One of Robert Fripp’s “devil bugs” caught up with the Krueger household on February 24 — the same day a “bomb cyclone” hit West Michigan, causing a 30-degree temperature drop in 24 hours, along with whiteout snowstorms. It’s taken this long for us (and the region) to emerge from hibernation — but through the depths of winter to the cusp of spring, music has taken sad songs and made them better.
That very day late last month, I trekked across the state to catch The Neal Morse Band’s Great Adventour stop in suburban Detroit; Neal and his merry crew (including son Will and daughter Jayda at the merch table) didn’t disappoint. As I anticipated, The NMB’s live take on The Great Adventure was even tighter, more driven and more finely honed than the fine studio album (first half glitches to Morse’s keyboard rig notwithstanding).
Hearing all of TGA in one go brought home how thoroughly integrated the new effort is. The key musical themes (as well as flashbacks to The Similitude of A Dream) aren’t just repeated, they’re developed in near-symphonic ways: transposed, transformed rhythmically and harmonically, recapped in unexpected contexts throughout the work. Kaleidoscopic contrasts of rhythm, instrumental color, vocal textures (mainly from Morse, guitarist Eric Gillette, keyboardist Bill Hubauer) and tonality meshed smoothly with drummer Mike Portnoy and bassist Randy’s George’s badass forward propulsion, ably mirroring the lyrical highs and lows of another journey to the Celestial City.
In sum, TGA is a genuinely impressive concept work, marked by ambition, intelligence, technique and sentiment in just the right proportions. The result at the end of each set (and the encore medley that covered Morse’s entire solo career, ending the night where it began) was sustained, extended, unforced ecstasy in the audience — a feeling that, I believe, couldn’t have been manufactured or manipulated into existence. I couldn’t help think that, consciously or not, Morse’s recent work fully embodies the ongoing ideal of American revivalist religion — an ideal, whatever its flaws, that’s been a cultural constant from the Puritan theologizing of Jonathan Edwards to the rough-hewn democratic juggernaut of today’s Pentecostalism.

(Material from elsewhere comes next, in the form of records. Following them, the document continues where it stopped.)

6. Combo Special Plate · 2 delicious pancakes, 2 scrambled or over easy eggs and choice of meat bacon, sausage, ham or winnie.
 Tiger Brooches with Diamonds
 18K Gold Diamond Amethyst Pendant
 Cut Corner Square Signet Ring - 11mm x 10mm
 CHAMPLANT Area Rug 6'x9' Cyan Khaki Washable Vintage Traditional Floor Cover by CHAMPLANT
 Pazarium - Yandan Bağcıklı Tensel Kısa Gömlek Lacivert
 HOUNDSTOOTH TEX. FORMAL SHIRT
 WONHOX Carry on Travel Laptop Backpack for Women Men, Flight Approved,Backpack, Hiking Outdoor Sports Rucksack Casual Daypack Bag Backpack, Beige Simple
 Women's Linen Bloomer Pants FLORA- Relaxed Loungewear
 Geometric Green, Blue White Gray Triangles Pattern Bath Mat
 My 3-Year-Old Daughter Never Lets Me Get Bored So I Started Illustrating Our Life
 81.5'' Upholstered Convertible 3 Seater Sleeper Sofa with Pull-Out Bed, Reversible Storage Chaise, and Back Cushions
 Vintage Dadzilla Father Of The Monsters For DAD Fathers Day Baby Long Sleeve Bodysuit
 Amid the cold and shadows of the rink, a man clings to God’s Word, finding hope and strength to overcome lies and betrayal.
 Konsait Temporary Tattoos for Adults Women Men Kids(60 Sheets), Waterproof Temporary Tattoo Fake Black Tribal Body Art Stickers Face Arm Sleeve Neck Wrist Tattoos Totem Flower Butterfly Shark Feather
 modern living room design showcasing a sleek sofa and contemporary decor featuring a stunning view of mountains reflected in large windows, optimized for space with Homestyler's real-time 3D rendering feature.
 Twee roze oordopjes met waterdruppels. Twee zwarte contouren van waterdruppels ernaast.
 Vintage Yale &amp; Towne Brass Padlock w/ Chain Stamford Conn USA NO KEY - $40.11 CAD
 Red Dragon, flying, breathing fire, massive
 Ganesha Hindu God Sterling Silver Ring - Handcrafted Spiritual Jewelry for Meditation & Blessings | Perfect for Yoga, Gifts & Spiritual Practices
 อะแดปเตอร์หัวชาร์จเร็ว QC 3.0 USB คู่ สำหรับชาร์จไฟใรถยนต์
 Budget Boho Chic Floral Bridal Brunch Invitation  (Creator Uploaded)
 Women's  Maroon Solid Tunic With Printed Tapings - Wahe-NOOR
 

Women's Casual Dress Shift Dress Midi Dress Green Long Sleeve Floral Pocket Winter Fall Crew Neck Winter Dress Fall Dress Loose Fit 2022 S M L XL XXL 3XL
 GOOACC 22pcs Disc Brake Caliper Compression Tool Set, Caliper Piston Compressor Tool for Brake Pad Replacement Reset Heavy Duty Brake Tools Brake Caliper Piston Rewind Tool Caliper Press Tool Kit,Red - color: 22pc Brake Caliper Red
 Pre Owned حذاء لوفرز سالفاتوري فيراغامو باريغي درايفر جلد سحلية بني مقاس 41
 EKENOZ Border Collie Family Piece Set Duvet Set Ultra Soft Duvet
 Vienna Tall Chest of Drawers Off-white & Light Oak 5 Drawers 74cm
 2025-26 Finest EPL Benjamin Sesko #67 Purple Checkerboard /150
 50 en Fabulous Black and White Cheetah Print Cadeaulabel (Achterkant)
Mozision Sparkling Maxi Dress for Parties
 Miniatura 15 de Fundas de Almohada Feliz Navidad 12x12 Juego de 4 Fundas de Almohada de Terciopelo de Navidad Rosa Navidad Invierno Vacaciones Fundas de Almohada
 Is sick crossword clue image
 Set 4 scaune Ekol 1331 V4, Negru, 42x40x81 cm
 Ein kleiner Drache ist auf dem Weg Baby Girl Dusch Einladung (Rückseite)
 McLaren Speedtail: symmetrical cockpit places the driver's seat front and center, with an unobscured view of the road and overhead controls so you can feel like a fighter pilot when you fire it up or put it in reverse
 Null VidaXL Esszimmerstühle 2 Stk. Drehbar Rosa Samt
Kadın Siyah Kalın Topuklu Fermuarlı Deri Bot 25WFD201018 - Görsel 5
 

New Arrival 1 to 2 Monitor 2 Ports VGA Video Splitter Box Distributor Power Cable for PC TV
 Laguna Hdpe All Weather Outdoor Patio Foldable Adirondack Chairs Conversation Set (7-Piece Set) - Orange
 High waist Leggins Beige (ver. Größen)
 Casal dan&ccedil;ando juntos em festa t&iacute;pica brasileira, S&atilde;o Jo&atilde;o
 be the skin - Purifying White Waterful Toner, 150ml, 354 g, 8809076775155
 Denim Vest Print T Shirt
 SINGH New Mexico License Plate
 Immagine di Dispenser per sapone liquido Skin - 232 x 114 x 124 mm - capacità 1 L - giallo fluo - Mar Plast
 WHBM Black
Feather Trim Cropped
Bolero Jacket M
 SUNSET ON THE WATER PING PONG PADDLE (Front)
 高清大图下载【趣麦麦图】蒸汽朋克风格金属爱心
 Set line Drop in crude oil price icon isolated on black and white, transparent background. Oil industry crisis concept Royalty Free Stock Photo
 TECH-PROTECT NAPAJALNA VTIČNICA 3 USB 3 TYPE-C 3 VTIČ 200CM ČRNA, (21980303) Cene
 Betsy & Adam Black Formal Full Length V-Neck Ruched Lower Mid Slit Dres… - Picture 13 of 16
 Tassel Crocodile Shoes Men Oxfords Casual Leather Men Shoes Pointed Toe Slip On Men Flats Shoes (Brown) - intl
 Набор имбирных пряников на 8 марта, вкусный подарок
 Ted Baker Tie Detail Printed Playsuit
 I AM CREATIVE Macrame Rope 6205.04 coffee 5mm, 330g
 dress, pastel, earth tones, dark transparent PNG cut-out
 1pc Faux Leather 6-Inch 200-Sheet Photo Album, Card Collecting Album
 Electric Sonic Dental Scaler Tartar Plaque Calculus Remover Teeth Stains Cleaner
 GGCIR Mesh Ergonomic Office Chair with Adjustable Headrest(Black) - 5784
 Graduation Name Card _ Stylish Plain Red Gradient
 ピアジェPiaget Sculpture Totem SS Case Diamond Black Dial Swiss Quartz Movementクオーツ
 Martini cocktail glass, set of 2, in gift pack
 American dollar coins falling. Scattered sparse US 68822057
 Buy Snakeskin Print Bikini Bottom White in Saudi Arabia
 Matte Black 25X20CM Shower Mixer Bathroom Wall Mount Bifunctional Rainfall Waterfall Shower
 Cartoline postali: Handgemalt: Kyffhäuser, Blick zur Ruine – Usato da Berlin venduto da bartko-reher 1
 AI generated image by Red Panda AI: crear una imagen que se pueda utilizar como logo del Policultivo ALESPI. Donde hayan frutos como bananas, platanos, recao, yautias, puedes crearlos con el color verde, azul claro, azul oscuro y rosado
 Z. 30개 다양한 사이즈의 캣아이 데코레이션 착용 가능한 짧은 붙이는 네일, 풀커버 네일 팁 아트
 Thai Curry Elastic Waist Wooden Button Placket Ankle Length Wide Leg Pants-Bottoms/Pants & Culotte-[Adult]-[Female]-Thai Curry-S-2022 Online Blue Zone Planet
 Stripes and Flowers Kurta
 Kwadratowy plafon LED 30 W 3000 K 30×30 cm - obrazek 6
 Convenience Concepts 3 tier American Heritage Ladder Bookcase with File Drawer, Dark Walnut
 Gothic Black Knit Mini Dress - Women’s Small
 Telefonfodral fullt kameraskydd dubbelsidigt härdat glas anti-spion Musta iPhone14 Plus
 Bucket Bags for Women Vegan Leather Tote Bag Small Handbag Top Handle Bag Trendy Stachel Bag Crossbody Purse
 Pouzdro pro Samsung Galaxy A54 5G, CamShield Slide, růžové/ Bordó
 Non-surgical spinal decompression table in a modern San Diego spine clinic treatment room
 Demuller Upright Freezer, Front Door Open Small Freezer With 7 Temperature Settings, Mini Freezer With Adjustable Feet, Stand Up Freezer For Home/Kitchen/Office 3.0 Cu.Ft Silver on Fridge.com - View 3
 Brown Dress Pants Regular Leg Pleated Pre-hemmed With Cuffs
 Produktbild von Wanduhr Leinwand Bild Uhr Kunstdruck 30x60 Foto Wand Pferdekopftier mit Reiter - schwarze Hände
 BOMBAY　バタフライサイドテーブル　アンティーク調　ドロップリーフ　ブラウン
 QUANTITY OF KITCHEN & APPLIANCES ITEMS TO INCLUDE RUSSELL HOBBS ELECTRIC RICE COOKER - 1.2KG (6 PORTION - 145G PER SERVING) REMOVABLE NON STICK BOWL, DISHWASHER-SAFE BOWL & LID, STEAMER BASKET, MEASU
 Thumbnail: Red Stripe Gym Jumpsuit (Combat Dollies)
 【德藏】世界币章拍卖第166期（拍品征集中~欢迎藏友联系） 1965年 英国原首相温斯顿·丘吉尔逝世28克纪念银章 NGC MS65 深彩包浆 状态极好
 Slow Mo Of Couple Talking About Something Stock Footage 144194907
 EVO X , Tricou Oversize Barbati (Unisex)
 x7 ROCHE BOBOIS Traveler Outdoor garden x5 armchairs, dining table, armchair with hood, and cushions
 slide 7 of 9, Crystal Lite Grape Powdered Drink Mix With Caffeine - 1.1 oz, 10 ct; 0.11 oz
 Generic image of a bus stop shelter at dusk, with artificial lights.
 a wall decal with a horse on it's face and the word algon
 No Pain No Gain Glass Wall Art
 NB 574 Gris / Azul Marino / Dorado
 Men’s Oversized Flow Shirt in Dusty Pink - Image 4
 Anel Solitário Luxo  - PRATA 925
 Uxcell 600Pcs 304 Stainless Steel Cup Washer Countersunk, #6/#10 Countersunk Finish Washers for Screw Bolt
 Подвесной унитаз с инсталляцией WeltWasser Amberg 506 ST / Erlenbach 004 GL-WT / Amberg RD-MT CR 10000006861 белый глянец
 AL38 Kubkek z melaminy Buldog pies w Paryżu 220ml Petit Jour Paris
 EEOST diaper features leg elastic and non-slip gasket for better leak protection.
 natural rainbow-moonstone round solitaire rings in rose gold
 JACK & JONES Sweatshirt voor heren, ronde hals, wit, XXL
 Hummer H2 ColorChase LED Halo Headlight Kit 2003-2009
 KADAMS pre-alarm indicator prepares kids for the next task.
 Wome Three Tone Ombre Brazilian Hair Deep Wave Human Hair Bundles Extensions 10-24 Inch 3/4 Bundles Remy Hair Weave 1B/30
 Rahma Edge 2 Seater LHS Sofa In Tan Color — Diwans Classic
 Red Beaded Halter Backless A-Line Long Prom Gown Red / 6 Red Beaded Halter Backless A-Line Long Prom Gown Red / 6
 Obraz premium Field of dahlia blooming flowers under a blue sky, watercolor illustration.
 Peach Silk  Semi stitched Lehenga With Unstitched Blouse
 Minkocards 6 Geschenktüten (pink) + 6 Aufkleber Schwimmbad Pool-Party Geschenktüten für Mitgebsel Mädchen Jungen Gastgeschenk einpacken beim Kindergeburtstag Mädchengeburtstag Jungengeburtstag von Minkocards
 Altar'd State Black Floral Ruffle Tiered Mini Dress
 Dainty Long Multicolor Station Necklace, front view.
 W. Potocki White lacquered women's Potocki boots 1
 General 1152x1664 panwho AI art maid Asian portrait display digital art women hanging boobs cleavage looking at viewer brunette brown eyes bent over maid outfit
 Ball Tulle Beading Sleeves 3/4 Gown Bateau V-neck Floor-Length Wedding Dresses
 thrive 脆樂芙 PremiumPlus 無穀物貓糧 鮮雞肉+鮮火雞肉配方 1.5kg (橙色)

And, in the inspired, paradoxically complex simplicity of its drive to the finish, The Great Adventure live reminded me of nothing so much as Gustav Mahler’s massive Resurrection Symphony. Like Mahler, Morse and band embraced everything that came to hand, running the risk of grandiosity to shape a new musical world — a payoff acknowledged by the heartfelt, fervent applause of the 300 souls in attendance.